This repo is a collection of scripts showing how to install JoeyNMT, download data and train & evaluate models, as well as the necessary data for training your own model
-
This only works on a Unix-like system, with bash.
-
Python 3.10 must be installed on your system, i.e. the command
python3
must be available -
Make sure virtualenv is installed on your system. To install, e.g.
pip install virtualenv
Clone this repository or your fork thereof in the desired place:
git clone https://github.com/yuhaofanUZH/mt-exercise-4
Create a new virtualenv that uses Python 3. Please make sure to run this command outside of any virtual Python environment:
./scripts/make_virtualenv.sh
Important: Then activate the env by executing the source
command that is output by the shell script above.

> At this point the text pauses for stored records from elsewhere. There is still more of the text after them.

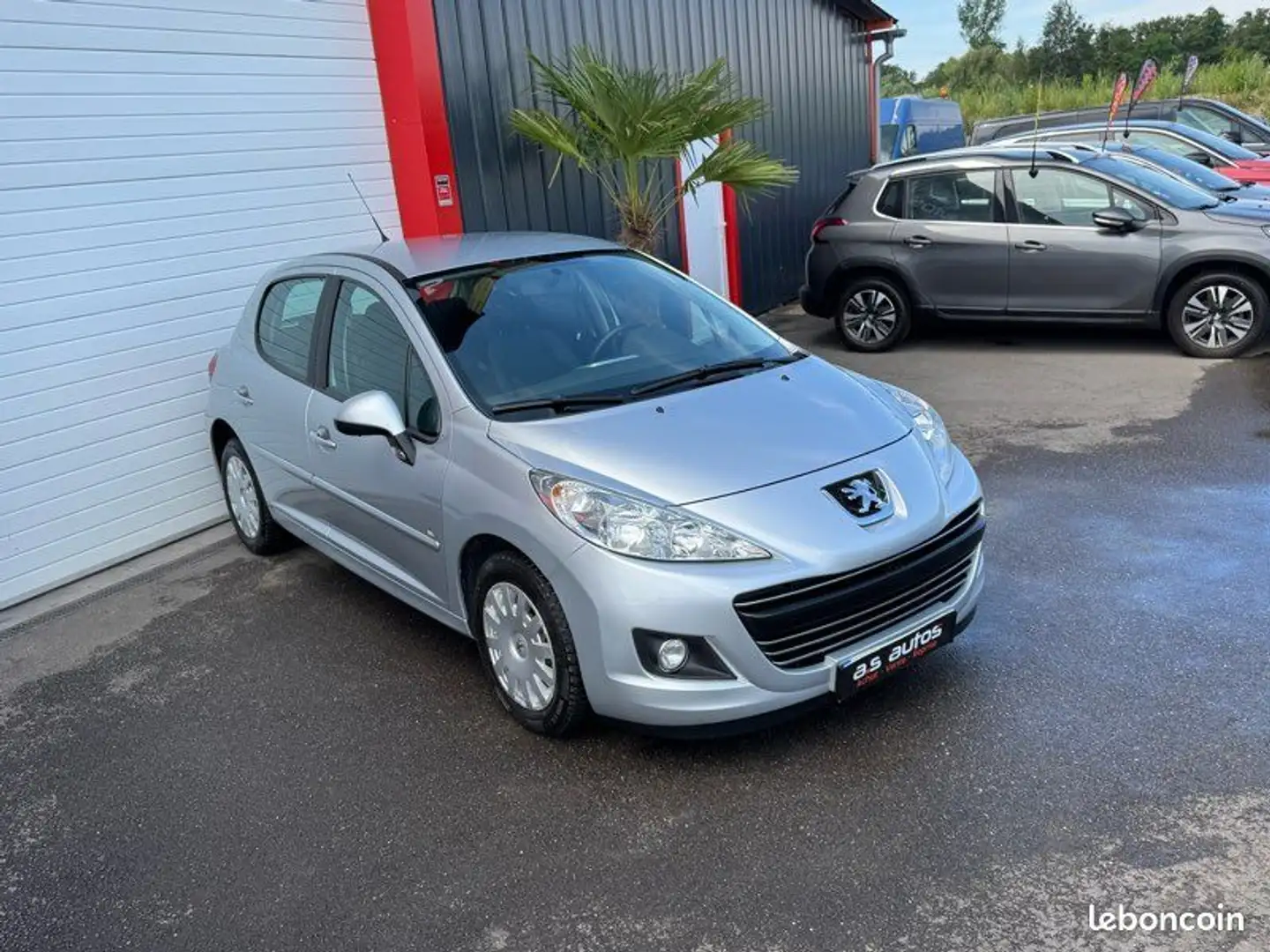 Peugeot 207 1.6 HDI 90 cv 5 portes distribution neuve Gris - 2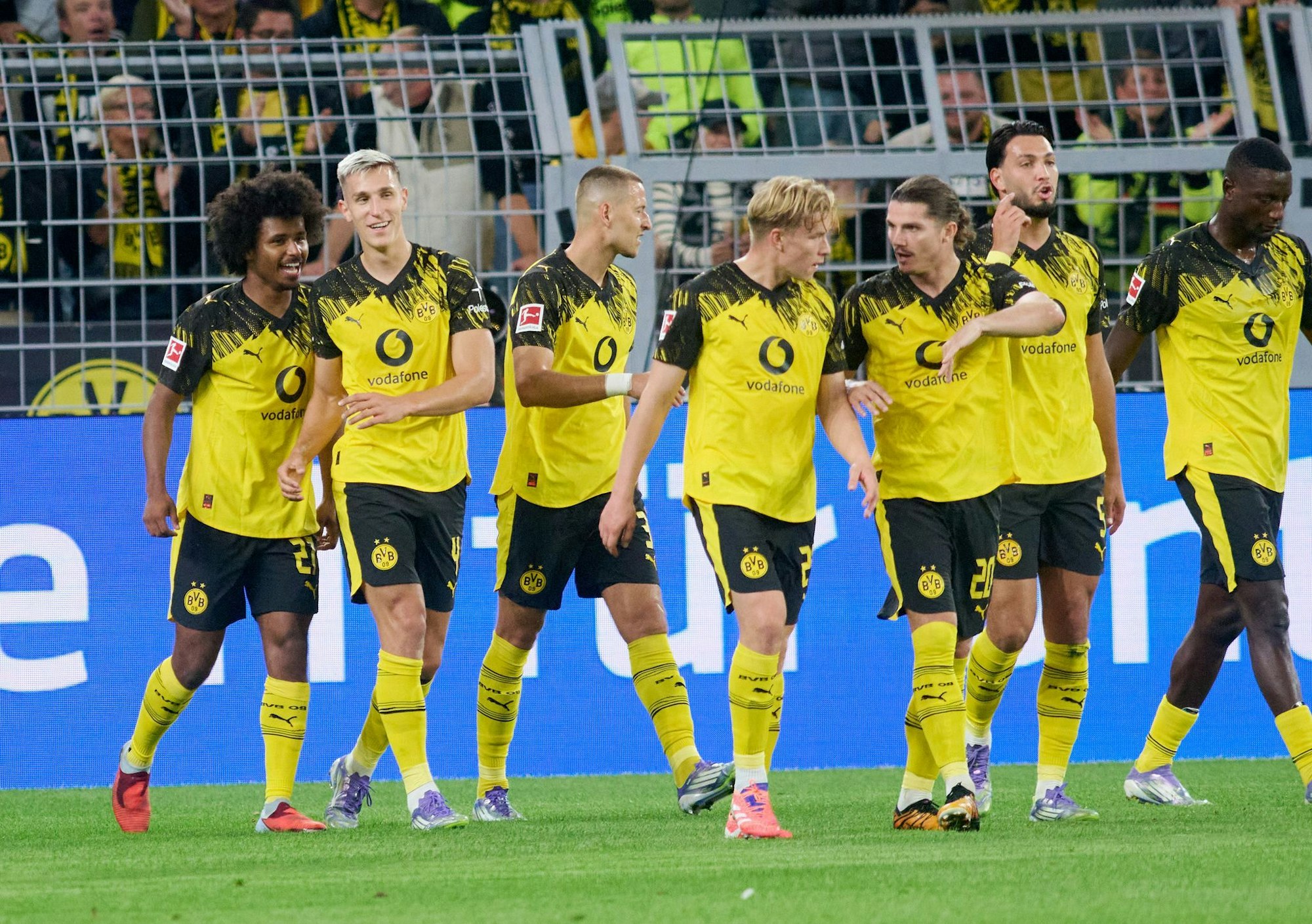 Zurück bei den Teamkollegen auf dem Platz: Nico Schlotterbeck (2.v.l)
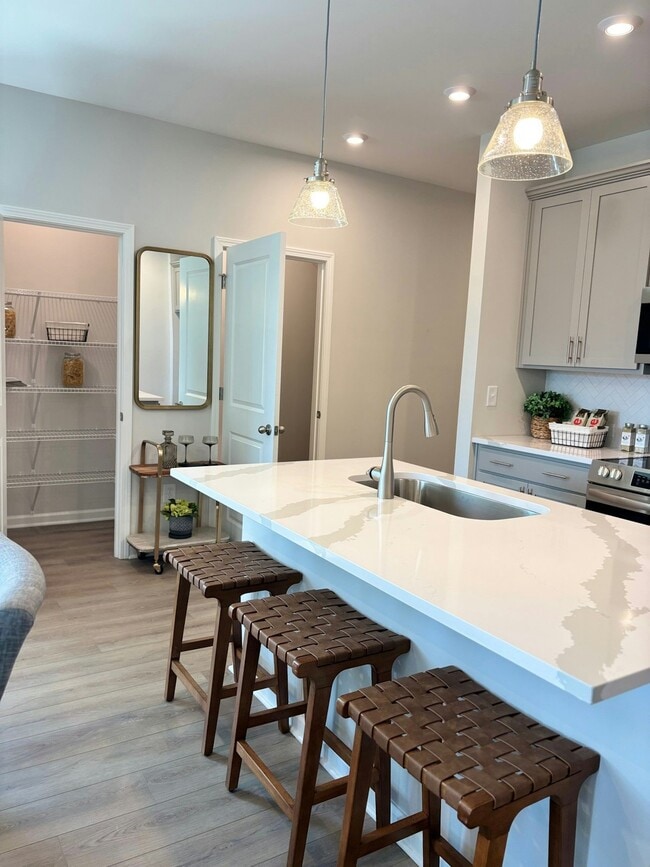 Building Photo - 109 Pk Rdg Cir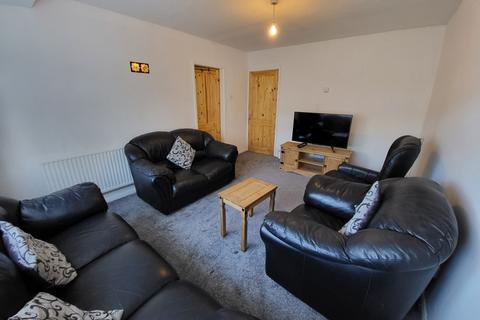 4 bedroom terraced house to rent, Lingmoor Walk, Hulme, Manchester. M15 6EN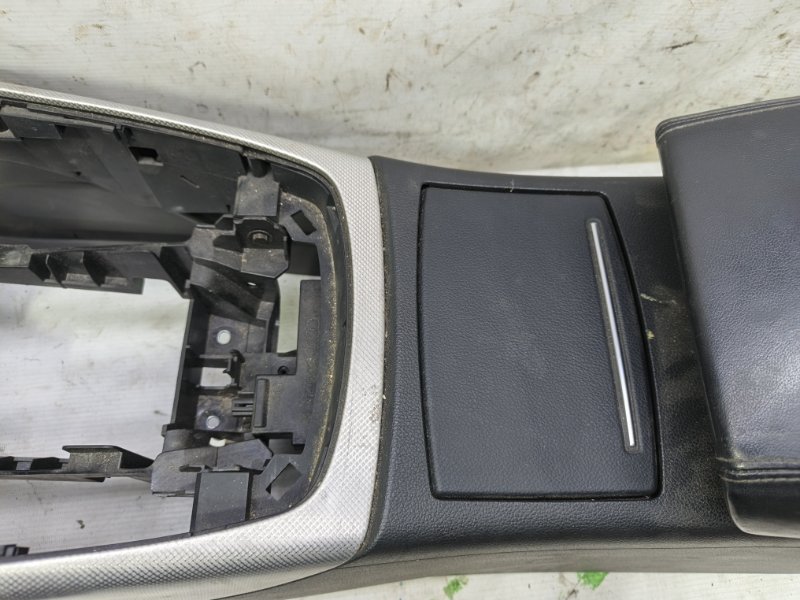 Подлокотник Audi A6 2012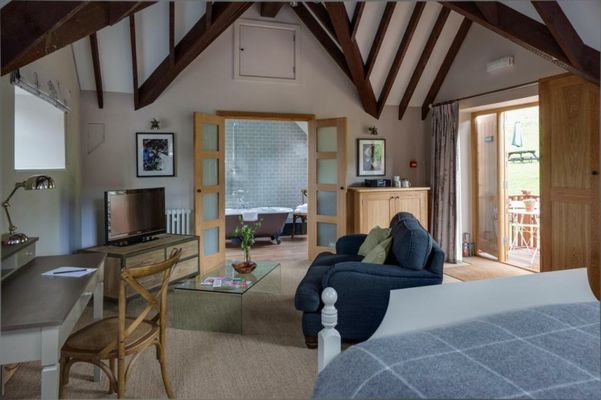 Tudor Farmhouse Hotel
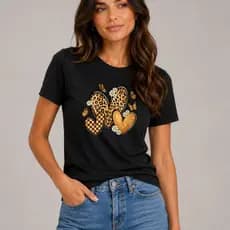 Camiseta Feminina de Algodão Coração Onça T-shirt Feminina para Academia Estampada Minimalista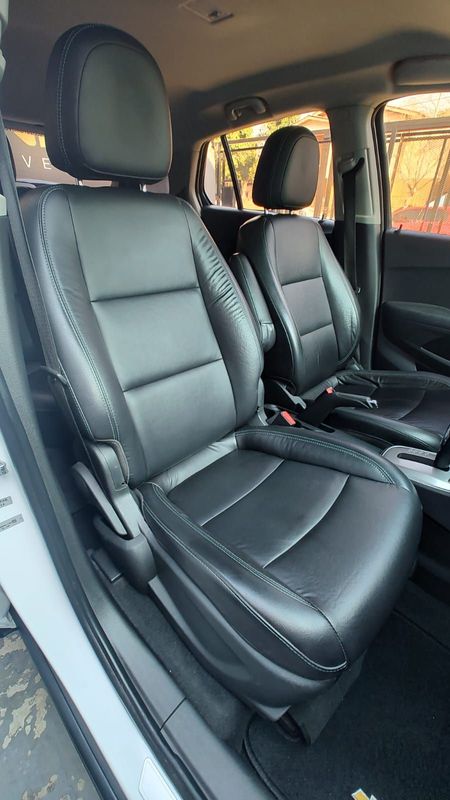 CHEVROLET TRACKER LTZ 1.8 16V 4×2 2014/2015 RENNER AUTOMÓVEIS LAJEADO / Carros no Vale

Make sure to install the exact software versions specified in the the exercise sheet before continuing.
Download Moses for post-processing:
./scripts/download_moses.sh
In your current venv, clone the joeynmt directory
git clone https://github.com/yuhaofanUZH/joeynmt
Change directory
cd joeynmt
Install JoeyNMT in editable mode
pip install -e .
Then navigate back to mt-exercise-4 directory!
cd your_path/mt-exercise-4
And train two models:
./scripts/train.sh deen_transformer_pre_norm
./scripts/train.sh deen_transformer_post_norm
log the perplexity of the model and visualize it:
python3 log_ppl.py
python3 plot.py
The training process can be interrupted at any time, and the best checkpoint will always be saved. It is also possible to continue training from there later on.